- **What you are asked to do**
The response should consist solely of the line containing "MOUTARDE EN GRAINS EDMOND FALLOT" and the lines after it through the end of the listing below, repeated exactly.

===== Data records =====

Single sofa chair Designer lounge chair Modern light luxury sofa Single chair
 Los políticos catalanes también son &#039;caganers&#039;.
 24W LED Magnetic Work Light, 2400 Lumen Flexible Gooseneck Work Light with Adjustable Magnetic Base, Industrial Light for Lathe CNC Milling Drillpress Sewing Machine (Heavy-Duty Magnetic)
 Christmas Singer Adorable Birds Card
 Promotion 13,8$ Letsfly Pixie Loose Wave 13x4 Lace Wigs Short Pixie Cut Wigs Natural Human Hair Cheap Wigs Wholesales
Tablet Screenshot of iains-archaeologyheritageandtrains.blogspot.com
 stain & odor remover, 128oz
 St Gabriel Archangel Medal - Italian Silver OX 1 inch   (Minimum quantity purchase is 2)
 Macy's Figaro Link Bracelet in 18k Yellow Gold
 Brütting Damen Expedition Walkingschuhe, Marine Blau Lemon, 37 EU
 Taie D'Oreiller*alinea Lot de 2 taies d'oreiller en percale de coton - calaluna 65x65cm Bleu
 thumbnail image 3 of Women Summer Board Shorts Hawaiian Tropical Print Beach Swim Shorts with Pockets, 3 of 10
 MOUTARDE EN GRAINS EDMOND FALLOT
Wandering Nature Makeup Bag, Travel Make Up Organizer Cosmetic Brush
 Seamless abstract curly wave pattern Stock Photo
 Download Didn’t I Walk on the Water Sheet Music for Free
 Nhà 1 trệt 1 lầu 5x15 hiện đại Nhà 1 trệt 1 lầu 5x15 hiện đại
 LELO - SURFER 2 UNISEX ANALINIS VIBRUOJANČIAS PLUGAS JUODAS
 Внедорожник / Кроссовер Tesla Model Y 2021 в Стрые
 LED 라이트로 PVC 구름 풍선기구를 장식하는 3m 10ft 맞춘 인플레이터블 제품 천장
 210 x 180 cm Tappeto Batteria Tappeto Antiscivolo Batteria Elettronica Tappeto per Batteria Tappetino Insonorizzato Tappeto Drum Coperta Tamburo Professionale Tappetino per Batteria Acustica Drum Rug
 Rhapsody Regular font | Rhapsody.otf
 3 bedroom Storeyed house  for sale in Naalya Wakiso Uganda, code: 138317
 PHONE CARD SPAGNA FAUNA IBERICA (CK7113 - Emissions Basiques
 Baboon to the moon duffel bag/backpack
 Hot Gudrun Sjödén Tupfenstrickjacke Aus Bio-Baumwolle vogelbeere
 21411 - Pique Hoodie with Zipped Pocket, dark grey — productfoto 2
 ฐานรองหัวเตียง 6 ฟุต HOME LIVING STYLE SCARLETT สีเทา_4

=====

- **Response for this exercise**
 MOUTARDE EN GRAINS EDMOND FALLOT
Wandering Nature Makeup Bag, Travel Make Up Organizer Cosmetic Brush
 Seamless abstract curly wave pattern Stock Photo
 Download Didn’t I Walk on the Water Sheet Music for Free
 Nhà 1 trệt 1 lầu 5x15 hiện đại Nhà 1 trệt 1 lầu 5x15 hiện đại
 LELO - SURFER 2 UNISEX ANALINIS VIBRUOJANČIAS PLUGAS JUODAS
 Внедорожник / Кроссовер Tesla Model Y 2021 в Стрые
 LED 라이트로 PVC 구름 풍선기구를 장식하는 3m 10ft 맞춘 인플레이터블 제품 천장
 210 x 180 cm Tappeto Batteria Tappeto Antiscivolo Batteria Elettronica Tappeto per Batteria Tappetino Insonorizzato Tappeto Drum Coperta Tamburo Professionale Tappetino per Batteria Acustica Drum Rug
 Rhapsody Regular font | Rhapsody.otf
 3 bedroom Storeyed house  for sale in Naalya Wakiso Uganda, code: 138317
 PHONE CARD SPAGNA FAUNA IBERICA (CK7113 - Emissions Basiques
 Baboon to the moon duffel bag/backpack
 Hot Gudrun Sjödén Tupfenstrickjacke Aus Bio-Baumwolle vogelbeere
 21411 - Pique Hoodie with Zipped Pocket, dark grey — productfoto 2
 ฐานรองหัวเตียง 6 ฟุต HOME LIVING STYLE SCARLETT สีเทา_4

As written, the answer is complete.